I marched up to the Office of Graduate Studies. I handed over the box that contained the physically manifestation of the last three and a half years of my life. I had a blurry photo taken on my phone, I was awarded an empty photo frame with the university’s logo on the bottom, and I was ushered out again.

In total, it took about five minutes.

Anti-climatic doesn’t even begin to sum the experience up. I stood outside the building, my make-up smudged from the commute, my hair a windswept mess, and my arms empty. Instead of the joy I’d expected, I felt as if I’d just given up something precious and I was never going to get it back. I was in a strange headspace during the three-hour trip home. Something akin to shock, maybe. I was numb. Eventually I shook it off, telling myself that it was normal to feel like this - a kind of post-PhD blues. That it was only submission and I had to wait until I received my examiners’ feedback and found out if I’d even passed before I’d feel like celebrating.

Two months passed of reading books, catching up on television shows, and ignoring anything that had to do with my research. I read way too many Piled Higher and Deeper comics, but that wasn’t really any different from when I was doing my PhD. The question, “So what do you plan to do when you’re finished?” began to nag at me. My scholarship had long finished and I had some part time work as a student mentor and a casual academic at a nearby campus, but that wasn’t nearly enough to fill the space left by my PhD. The word ‘job’ became a bit of a taboo word in my household.

My feedback came back and gave me the boost I needed to face my thesis again, make any corrections and officially submit the final version. A friend’s fantastic mum made me a cake and we drunk an obscene amount of good wine.

I received the congratulatory email addressed to Dr Ferne Merrylees saying the final submission was a success a week a go and yet I still exist in that strange, numb limbo. I told myself the sense of accomplishment would really set in when I graduate six months from now, dressed in the fancy robes and wearing the official hat. My parents are flying up from out of state, my brother is driving five-hours to be there, and the public acknowledgment that I’ve achieved something meaningful will hopefully satisfy this current emptiness.

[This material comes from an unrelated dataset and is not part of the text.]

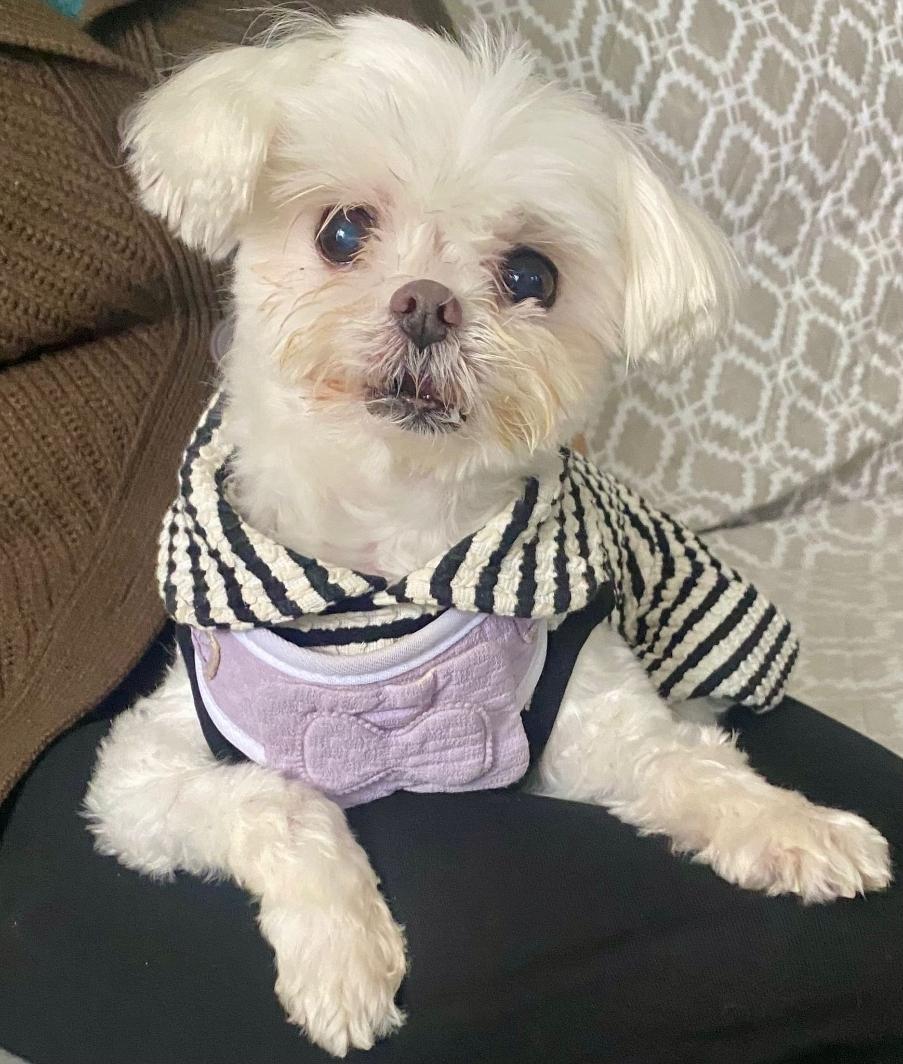 Muffin, a Adopted Maltese in Toronto, ON image 1/6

This grief I was warned about that has left me feeling adrift makes sense. We as PhD students dedicate a period of our lives exclusively to our theses. Social events take a back seat, family ends up on the periphery, and often we develop tunnel vision that excludes all else. We breathe our research, we dream our topics, we get our thrills from hunting down that elusive piece of evidence, and we regale anyone who is silly enough to sit still long enough about our arguments. For however many years we take to complete our PhDs, we have a goal that we’re intensely passionate about and when we reach our goal, it’s natural to feel lost. What now? The lingering period between submission and graduation doesn’t help and going from being mentally engaged and challenged all the time, to being incredibly bored is also a bit of a mind twist. Who am I if I’m not a PhD student? I can’t even get student transport fares anymore, which really hit the last nail in the coffin after being a student in some form or another for the last twenty-four years.

And then a close friend reminded me that I shouldn’t define my sense of self-worth through my PhD. It was just one adventure of many. I have grown so much from my experience as a PhD student. I’m more confident, resilient and wiser, and I’ve realised how much the people around me care for me through their support and love. I’ve been incredibly lucky to not only complete my PhD, but to even have the opportunity to start one. It’s still early days yet, and I’ve yet to find my dream job or decide exactly what I’m going to do now, yet I know it’s time for a new adventure and I’m excited.